Reese certainly has the necessary talent at her disposal to do just that. Maryland led the nation for the second straight year with nine preseason All-Americans, including three first-team selections.

Even with the eight seniors, the Terps returns nine starters to a lineup that was an inexplicable 14-minute scoring drought short of the title game. James Madison, which took home the championship, returns just six.

Maryland will look to adapt a new style this season following the graduations of Whittle and forward Taylor Hensh. While there are still question marks on attack as to who will make up for the 119 goals lost between the two, Reese figures the Terps will have an improved midfield and stronger defense.

Defender Julia Braig and goalie Megan Taylor project to anchor a defense that Reese said has already improved from last season.

“We need to play more lockdown defense where we’re limiting opponents better than we have,” Reese said. “That’s something collectively we’ve gotten better on.”

[Read more: James Madison and UNC highlight Maryland women’s lacrosse’s 2019 schedule]

Graduate transfer Erica Evans, a three-time MAAC midfielder of the year at Canisius College , brings experience to a midfield that features All-American Jen Giles . The duo — combined with sophomore standout Grace Griffin — gives Maryland one of the most well-rounded two-way midfields in the nation.

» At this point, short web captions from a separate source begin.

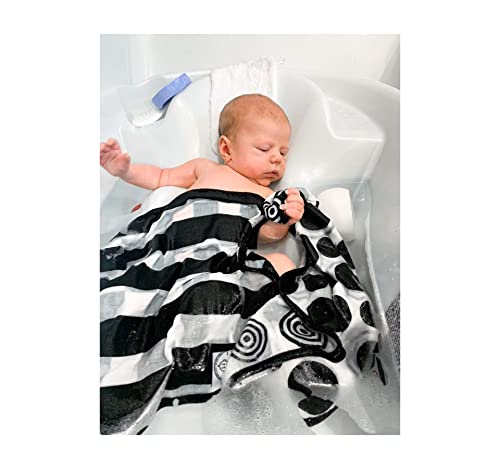 Samuel Sensory Black and White Stimulating Wash Cloths for Babies Bathtime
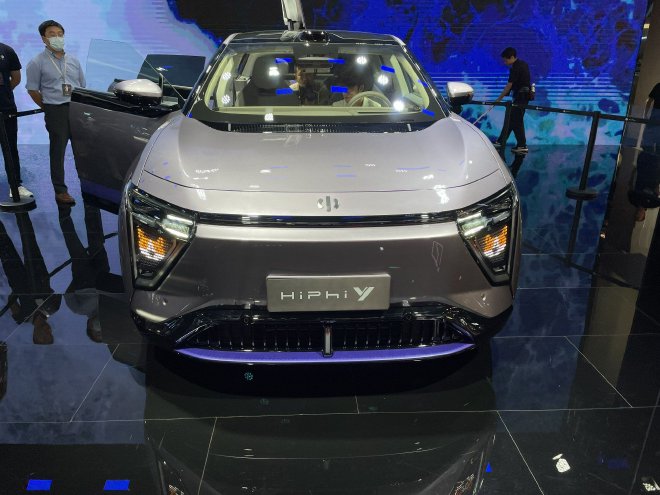 2023成都车展:高合全系车型亮相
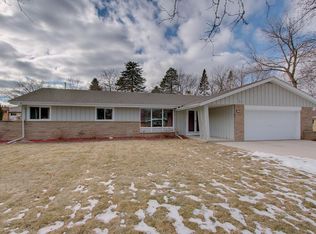 6625 N Braeburn Ln, Glendale, WI 53209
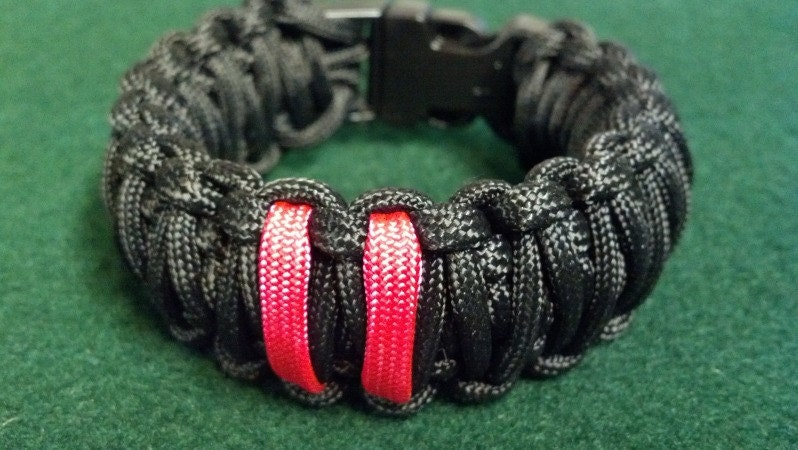 2. Zweite Änderung Unterstützung Paracord Survival Armband 2A Breite Breite Rosa Streifen von Paracordsandmore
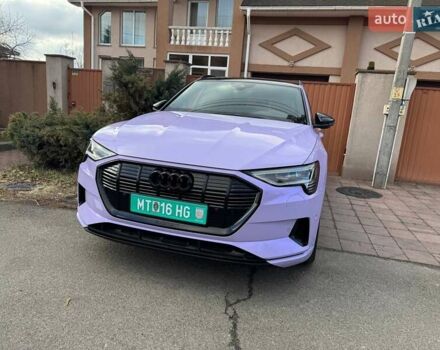 Фиолетовый Ауди E-Tron, объемом двигателя 0 л и пробегом 51 тыс. км за 35800 $, фото 8 на Automoto.ua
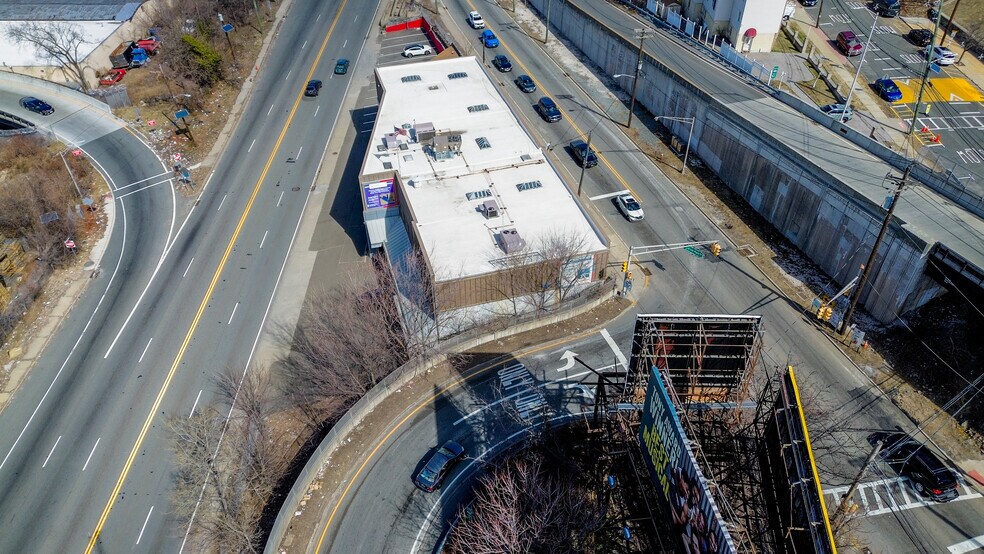 More Photos Of 3114 Tonnelle Ave, North Bergen Showroom For Lease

While the Terps don’t have a goal-scorer of Whittle’s acclaim, the variety of different talents available should help Maryland create a dynamic offense from midfield or attack. They also return senior Caroline Steele, a preseason All-American, who contributed 59 goals last year.

Maryland hopes to create an offense that incorporates all its pieces. And with dynamic midfielders and talented returning attackers, the Terps shouldn’t have too much trouble getting on the board.

“Everyone has different strengths and one of our big focuses this year, especially on the offensive end, is playing to our strengths,” Reese said. “What are we good at? When we’re looking at this group, we’re trying to play to this team’s strengths.”

The strengths will be tested by a rigorous schedule. The Terps play some of the top teams in the nation, including a trip to reigning national champions James Madison along with a flight south to face Florida.

Maryland also hosts North Carolina, the only team to defeat the Terps in regular season play last year.

“We love the big competition, we love the big games,” Braig said. “We’re all really looking forward to it.”

The Terps will face five of IWLCA’s end-of-season top-10 schools. The level of competition is nothing new for a team that has appeared in the final four for 10 straight years. This year, with a new offense leading the line after Whittle’s graduation, Maryland could make it 11.

“Obviously,” Braig said, “we hope to keep winning and keep being awesome.”